Think about the times you've been at the beach or a swimming pool or fishing. When you look at people standing waist deep in water, their images are changed by the water. First, you usually see their reflections in the water's surface -- upside-down from your point of view. Second, the appearance of their submerged parts is usually shortened by a phenomenon called refraction. In this module we study refraction, and we investigate how refraction affects what a fish sees when it looks at a fisherman.
Welcome to Fermat's Pond. Like a real pond, Fermat's Pond is somewhat complicated. The live figure below has three panels arranged side-by-side. The middle panel shows a picture of a fisherman who is standing in water that is approximately three feet deep. The fisherman wouldn't look like this, however, because the water would distort his appearance. The right panel shows how the fisherman would actually appear. Notice both the reflection in the water and the way that the submerged part of the fisherman is shortened.
Exactly how the water distorts his appearance depends on your view point. The diagram to the left shows how all this happens. In this diagram the fisherman is standing at the black line separating the diagram from the picture of the fisherman. Your eye is represented by a black dot toward the left side of the diagram. There are several lines representing light rays arriving at your eye -- notice that each light ray coming from the water's surface can come from two different sources. One is shown with a red line that represents a ray reflected by the surface of the water. The other is shown with a blue line representing a ray that is bent as it passes from the water to the air.
The bottom of Fermat's pond is green. Notice in the right panel the bottom appears to be higher than it actually is. You can see how the fisherman's appearance is affected by your view point by clicking at various places in the left panel to move the dot representing your eye. Notice that if you click below the water's surface, the right panel goes blue-grey because you are not wearing a diver's mask. You will be able to obtain a diver's mask later.
The methods developed in the study of calculus for finding the minimum or maximum of a function are particularly powerful for studying problems in optics such as finding out how refraction distorts the appearance of an object. The basic idea is called Fermat's Principle, whic states, roughly speaking, that light rays follow the fastest path from one point to another. When light rays are traveling in air the fastest path is the shortest path -- a straight line. However, light travels faster in air (30 centimeters per nanosecond) than it does in water (22.5 centimeters per nanosecond). We will see that, as a result, light rays traveling between one point in air to another point in water follow a path that is bent.

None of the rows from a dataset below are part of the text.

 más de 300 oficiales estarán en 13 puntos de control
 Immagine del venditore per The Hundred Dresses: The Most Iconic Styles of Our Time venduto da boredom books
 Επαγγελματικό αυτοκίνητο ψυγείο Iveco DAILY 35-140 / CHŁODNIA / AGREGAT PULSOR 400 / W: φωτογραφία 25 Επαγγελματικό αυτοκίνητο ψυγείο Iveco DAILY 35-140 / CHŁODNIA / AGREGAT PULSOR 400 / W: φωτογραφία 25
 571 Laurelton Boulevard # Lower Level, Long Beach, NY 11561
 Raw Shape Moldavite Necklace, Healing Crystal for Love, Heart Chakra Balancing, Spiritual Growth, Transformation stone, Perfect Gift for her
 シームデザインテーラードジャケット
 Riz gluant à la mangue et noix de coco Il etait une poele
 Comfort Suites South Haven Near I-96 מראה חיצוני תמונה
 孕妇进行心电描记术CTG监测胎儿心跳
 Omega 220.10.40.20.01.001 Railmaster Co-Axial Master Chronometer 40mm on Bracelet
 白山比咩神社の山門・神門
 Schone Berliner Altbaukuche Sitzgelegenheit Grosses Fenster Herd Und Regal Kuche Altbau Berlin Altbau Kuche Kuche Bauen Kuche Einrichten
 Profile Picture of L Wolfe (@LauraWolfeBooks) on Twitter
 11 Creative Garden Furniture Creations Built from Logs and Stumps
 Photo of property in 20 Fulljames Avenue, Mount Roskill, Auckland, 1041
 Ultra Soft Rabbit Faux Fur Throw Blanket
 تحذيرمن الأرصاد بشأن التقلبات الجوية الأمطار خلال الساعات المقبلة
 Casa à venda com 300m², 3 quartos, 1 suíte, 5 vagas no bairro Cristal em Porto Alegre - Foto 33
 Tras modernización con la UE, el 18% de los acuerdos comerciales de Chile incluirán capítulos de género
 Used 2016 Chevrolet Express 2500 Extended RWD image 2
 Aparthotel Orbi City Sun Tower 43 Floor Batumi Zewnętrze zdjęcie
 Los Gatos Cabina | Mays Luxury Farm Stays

The following picture shows a typical example of the kinds of situations we want to understand. An observer at the location (0, 50) is looking at an object at the location (200, -50). The surface of the water is along the x-axis. The red line is a direct line from the object to the observer. This line crosses the x-axis (the surface of the water) at the location (100, 0). The coordinates are in centimeters. A few calculations using the Pythagorean Theorem show that the distance a light ray following the red line would travel in air is 111.8 centimeters, and the distance it would travel in water is also 111.8 centimeters. Since light travels at 30 centimeters per nanosecond in air and at 22.5 centimeters in water, the time the light ray would spend in the air would be 3.727 nanoseconds, and the time it would spend in water would be 4.969 nanoseconds. Thus, the total time from object to observer for a light ray following this path would be 8.696 nanoseconds. Verify these calculations: If you scroll down and click the Calculate button in the form below, you should see the same numbers appear in the form.
We want to explore alternative paths that the light ray might follow. Consider paths such as the one shown in black in the figure above. The light ray travels in a straight line from the object at the point (200, -50) to a point (x, 0) on the water's surface and then in another straight line to the observer at the point (0, 50). You can use the calculator below to find the path a light ray should follow to minimize its travel time. Type different values in the space for x and press the Calculate button to compute the corresponding travel time.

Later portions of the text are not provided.